Myth does not provide people with usable truth even if it interweaves usable truth into its own fabric. 

Truth in myth is not a product that myth provides to its users.  It is rather part of the machansim by which myth create its product of falsehoods.

I never said myth provided usable truth, because "usable truth" is completely subjective. Certainly there are usable and unusable, or useless, truths. What might have been a completely usable truth to someone a thousand years ago might be completely useless to us now, even if we realize that bits and pieces of the story are objectively true. Even if they may not have been able to distinguish the fictional from factual, but we now objectively can. That didn't matter to them a thousand years ago.

People who were hearing myths a thousand years ago were probably not sitting their analyzing that this story was providing them with truth and wisdom through an otherwise fictional story. They were simply taking the story for what it was and getting what they could out of it. Probably not even consciously.

So just because they weren't consciously realizing they were being told a myth doesn't mean they weren't being told a myth. Just because they didn't consciously realize there were bits of truth and wisdom doesn't mean there wasn't bits of both.

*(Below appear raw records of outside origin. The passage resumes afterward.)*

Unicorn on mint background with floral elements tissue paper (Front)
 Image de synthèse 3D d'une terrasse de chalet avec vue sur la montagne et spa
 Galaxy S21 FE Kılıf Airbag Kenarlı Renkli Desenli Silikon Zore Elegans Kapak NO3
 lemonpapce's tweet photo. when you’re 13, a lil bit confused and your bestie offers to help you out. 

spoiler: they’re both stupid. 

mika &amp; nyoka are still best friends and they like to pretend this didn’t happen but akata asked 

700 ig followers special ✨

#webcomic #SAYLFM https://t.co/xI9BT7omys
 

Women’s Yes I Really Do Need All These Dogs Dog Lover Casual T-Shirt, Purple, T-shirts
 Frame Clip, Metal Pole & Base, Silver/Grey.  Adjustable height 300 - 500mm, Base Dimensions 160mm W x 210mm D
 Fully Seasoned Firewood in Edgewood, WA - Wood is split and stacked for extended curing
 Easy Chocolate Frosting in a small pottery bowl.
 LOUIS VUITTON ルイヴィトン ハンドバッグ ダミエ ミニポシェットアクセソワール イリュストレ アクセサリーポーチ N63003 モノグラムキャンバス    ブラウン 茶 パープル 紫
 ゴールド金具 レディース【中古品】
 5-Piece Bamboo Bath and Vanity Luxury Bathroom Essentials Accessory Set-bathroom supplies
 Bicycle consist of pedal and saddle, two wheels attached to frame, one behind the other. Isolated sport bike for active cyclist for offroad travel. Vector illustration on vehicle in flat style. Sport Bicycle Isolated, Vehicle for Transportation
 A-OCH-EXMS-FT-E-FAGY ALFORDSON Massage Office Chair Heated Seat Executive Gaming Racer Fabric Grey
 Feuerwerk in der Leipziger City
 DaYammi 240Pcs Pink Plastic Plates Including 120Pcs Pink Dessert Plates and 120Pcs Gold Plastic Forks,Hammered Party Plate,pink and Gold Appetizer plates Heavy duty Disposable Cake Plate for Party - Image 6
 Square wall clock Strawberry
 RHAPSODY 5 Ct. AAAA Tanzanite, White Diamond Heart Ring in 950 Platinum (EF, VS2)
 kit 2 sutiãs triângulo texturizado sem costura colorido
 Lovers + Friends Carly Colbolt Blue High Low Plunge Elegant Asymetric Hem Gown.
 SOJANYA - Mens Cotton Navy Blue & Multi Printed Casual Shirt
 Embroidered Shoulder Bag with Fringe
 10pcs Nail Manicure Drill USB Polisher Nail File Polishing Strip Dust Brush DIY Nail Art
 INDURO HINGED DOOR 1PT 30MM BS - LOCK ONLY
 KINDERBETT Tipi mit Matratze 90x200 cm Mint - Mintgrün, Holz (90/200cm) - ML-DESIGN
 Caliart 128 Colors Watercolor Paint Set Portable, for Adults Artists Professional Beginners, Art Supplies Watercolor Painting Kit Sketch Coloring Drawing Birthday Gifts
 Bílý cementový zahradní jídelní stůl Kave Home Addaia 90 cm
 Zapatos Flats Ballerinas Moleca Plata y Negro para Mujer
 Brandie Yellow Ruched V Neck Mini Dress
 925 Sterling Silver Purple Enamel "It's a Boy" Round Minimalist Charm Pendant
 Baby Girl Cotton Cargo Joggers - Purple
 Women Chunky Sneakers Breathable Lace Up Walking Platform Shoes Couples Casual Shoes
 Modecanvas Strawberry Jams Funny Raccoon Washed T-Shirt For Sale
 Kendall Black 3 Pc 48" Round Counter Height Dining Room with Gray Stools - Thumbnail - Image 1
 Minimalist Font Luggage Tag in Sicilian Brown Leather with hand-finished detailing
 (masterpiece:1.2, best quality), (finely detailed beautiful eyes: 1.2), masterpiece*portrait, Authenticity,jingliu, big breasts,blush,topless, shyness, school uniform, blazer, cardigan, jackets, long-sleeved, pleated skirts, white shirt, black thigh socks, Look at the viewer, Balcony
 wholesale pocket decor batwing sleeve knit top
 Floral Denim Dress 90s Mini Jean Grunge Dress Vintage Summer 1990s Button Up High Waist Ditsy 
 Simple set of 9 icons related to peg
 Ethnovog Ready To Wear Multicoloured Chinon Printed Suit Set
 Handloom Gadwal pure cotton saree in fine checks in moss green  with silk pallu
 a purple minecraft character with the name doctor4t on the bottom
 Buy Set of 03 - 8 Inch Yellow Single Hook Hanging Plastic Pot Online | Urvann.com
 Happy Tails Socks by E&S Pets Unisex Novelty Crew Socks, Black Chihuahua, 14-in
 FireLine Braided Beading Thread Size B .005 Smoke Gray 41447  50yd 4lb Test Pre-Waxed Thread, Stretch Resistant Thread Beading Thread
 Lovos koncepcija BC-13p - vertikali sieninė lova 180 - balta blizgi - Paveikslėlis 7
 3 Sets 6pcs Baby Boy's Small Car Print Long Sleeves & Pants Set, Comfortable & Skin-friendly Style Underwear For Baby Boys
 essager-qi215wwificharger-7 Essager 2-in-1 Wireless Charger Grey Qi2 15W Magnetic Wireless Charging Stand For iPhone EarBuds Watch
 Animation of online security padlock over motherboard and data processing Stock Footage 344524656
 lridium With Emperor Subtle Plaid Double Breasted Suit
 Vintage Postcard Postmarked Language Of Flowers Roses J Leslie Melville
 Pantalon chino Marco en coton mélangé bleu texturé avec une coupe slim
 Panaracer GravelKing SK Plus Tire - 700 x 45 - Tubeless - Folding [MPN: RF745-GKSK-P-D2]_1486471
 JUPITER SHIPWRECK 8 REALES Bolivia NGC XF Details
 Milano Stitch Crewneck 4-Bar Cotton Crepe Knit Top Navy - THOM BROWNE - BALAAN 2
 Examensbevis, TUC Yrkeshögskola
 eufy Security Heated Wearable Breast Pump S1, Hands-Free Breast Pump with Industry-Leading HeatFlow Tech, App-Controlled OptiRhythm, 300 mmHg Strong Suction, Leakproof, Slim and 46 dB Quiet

It's not like they were sitting there thinking "I am being told a myth. I will now implement whatever bits of truth and wisdom I can into my daily life. I will now distinguish usable truths from fiction. Application of information will now commence.

LOL. That's not how people think, even now.

So, you're not really saying anything I disagree with. Not sure what your point is, still.
If you're frightened of dying, and you're holding on, you'll see devils tearing your life away. But if you've made your peace, then the devils are really angels, freeing you from the Earth.